Web page caption snippets:
BEGIN
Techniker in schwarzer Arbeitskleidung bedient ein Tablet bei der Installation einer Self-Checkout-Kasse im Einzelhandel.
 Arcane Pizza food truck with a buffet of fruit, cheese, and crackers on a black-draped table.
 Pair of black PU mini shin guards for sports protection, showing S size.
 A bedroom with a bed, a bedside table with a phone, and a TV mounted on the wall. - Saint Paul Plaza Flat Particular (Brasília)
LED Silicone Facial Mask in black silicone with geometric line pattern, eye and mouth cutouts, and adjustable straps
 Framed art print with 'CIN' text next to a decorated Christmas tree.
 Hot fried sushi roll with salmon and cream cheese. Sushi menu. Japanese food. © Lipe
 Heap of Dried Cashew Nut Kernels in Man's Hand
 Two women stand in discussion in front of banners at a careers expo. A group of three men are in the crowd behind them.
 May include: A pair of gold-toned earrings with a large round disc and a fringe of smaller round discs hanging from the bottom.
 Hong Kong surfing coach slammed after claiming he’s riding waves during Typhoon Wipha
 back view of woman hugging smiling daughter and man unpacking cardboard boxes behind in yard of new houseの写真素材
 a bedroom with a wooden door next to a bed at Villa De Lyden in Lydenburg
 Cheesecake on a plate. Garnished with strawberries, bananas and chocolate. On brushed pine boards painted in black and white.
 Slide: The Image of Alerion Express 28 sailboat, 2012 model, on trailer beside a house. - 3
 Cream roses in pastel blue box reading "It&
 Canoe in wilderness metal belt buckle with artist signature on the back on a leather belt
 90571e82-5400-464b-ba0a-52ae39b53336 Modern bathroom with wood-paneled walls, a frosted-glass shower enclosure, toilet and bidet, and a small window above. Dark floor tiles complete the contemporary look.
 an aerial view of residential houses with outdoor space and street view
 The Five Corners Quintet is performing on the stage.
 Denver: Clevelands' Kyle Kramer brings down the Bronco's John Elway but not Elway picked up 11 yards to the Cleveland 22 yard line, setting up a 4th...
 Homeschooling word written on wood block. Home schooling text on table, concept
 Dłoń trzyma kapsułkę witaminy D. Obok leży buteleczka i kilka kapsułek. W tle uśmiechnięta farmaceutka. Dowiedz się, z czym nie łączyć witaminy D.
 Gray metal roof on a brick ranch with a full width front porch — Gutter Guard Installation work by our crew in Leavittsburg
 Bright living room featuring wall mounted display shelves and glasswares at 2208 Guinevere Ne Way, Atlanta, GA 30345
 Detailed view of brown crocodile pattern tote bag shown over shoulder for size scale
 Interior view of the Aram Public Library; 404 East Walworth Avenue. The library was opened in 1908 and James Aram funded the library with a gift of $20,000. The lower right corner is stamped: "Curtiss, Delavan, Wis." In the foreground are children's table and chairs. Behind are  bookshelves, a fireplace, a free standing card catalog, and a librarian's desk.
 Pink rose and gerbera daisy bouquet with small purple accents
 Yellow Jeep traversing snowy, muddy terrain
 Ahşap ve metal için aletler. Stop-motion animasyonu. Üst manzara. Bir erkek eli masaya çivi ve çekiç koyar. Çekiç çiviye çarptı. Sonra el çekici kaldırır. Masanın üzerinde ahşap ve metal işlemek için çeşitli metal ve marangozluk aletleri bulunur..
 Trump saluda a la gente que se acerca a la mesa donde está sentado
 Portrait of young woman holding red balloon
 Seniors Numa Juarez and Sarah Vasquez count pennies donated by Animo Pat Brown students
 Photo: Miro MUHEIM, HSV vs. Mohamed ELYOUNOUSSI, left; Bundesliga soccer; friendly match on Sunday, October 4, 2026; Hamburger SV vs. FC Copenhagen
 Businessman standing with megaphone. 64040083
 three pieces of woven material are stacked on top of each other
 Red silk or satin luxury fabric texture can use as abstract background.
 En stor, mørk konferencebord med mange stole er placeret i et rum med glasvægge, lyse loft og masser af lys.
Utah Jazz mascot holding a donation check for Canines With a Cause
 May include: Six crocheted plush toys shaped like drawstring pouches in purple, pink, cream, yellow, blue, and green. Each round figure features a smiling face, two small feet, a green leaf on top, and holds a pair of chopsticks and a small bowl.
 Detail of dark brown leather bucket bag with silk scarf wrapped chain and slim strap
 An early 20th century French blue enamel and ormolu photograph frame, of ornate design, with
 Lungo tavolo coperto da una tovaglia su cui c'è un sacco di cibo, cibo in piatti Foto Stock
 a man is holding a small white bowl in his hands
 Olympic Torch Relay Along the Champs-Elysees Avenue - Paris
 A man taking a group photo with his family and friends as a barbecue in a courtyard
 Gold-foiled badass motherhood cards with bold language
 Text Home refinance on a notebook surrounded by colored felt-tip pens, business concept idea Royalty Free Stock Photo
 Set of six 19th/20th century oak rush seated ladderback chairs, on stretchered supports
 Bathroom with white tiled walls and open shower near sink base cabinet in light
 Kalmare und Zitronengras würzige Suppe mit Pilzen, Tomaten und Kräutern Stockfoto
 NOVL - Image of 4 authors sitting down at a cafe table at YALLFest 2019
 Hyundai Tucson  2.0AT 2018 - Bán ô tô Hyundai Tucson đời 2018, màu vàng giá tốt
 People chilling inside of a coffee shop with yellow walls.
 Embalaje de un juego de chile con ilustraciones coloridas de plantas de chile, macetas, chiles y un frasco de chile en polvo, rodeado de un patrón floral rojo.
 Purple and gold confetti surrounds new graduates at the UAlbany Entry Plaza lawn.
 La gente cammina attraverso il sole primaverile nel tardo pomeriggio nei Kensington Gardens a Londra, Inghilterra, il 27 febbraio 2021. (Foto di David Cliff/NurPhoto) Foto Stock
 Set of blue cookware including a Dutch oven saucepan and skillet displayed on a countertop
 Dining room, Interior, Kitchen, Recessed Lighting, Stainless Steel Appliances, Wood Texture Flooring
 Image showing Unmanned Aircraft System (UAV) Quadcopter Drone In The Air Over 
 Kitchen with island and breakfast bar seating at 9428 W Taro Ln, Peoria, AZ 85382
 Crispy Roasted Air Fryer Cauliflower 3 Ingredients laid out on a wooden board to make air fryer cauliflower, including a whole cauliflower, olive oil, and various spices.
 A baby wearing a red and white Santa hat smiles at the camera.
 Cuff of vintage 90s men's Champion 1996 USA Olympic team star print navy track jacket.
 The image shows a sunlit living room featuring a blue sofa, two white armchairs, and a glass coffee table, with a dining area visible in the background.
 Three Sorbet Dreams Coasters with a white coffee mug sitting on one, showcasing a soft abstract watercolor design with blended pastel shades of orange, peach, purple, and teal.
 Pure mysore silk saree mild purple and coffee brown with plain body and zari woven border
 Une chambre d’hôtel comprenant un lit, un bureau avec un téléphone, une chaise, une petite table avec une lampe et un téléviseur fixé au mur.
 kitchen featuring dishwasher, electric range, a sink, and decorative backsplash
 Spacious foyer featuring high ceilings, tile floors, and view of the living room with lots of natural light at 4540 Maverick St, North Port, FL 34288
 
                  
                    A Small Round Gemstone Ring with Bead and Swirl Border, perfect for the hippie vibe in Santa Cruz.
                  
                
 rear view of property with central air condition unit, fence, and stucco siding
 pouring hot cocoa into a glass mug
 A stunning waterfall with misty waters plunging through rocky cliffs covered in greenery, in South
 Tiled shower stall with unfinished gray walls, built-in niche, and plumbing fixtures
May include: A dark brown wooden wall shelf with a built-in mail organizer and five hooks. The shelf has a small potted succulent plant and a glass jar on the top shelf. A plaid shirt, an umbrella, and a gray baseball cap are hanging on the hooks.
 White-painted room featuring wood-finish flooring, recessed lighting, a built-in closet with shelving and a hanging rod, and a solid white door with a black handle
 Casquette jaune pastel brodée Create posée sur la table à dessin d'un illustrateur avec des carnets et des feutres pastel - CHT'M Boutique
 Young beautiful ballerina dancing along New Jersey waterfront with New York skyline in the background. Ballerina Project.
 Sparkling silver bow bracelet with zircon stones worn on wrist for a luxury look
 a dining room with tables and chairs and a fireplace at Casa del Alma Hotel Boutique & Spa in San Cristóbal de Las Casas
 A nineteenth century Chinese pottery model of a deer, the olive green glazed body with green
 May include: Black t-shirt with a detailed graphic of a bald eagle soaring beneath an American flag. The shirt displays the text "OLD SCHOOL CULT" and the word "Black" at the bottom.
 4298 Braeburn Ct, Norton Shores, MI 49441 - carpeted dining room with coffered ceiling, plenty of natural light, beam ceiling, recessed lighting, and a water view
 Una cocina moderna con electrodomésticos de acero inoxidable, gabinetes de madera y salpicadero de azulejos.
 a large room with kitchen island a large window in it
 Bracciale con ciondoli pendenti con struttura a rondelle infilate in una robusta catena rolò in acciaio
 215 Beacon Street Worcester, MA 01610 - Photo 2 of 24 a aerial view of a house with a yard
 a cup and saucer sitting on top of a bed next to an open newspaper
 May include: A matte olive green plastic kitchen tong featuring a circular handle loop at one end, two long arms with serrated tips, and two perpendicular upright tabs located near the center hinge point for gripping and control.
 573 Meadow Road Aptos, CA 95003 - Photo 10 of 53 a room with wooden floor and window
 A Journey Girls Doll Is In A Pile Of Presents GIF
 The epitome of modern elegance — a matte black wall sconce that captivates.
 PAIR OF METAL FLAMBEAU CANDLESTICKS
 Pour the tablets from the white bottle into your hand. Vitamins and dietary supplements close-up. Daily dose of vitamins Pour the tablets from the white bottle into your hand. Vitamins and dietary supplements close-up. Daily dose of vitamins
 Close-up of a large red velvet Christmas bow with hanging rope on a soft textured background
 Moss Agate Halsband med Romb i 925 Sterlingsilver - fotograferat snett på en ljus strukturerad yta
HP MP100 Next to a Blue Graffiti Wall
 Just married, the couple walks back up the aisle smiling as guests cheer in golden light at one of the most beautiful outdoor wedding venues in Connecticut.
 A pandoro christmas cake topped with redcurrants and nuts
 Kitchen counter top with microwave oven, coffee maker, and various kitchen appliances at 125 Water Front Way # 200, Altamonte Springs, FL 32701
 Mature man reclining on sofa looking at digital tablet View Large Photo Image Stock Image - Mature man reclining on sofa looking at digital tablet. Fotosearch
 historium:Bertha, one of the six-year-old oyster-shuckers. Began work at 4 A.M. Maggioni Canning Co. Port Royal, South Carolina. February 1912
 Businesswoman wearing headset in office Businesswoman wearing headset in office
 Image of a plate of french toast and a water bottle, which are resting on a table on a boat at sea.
END
Nothing but the lines from the one with "HP MP100 Next to a Blue Graffiti Wall" through the final line of the records may appear in the answer, and each must be transcribed exactly.

_TASK OUTPUT_
HP MP100 Next to a Blue Graffiti Wall
 Just married, the couple walks back up the aisle smiling as guests cheer in golden light at one of the most beautiful outdoor wedding venues in Connecticut.
 A pandoro christmas cake topped with redcurrants and nuts
 Kitchen counter top with microwave oven, coffee maker, and various kitchen appliances at 125 Water Front Way # 200, Altamonte Springs, FL 32701
 Mature man reclining on sofa looking at digital tablet View Large Photo Image Stock Image - Mature man reclining on sofa looking at digital tablet. Fotosearch
 historium:Bertha, one of the six-year-old oyster-shuckers. Began work at 4 A.M. Maggioni Canning Co. Port Royal, South Carolina. February 1912
 Businesswoman wearing headset in office Businesswoman wearing headset in office
 Image of a plate of french toast and a water bottle, which are resting on a table on a boat at sea.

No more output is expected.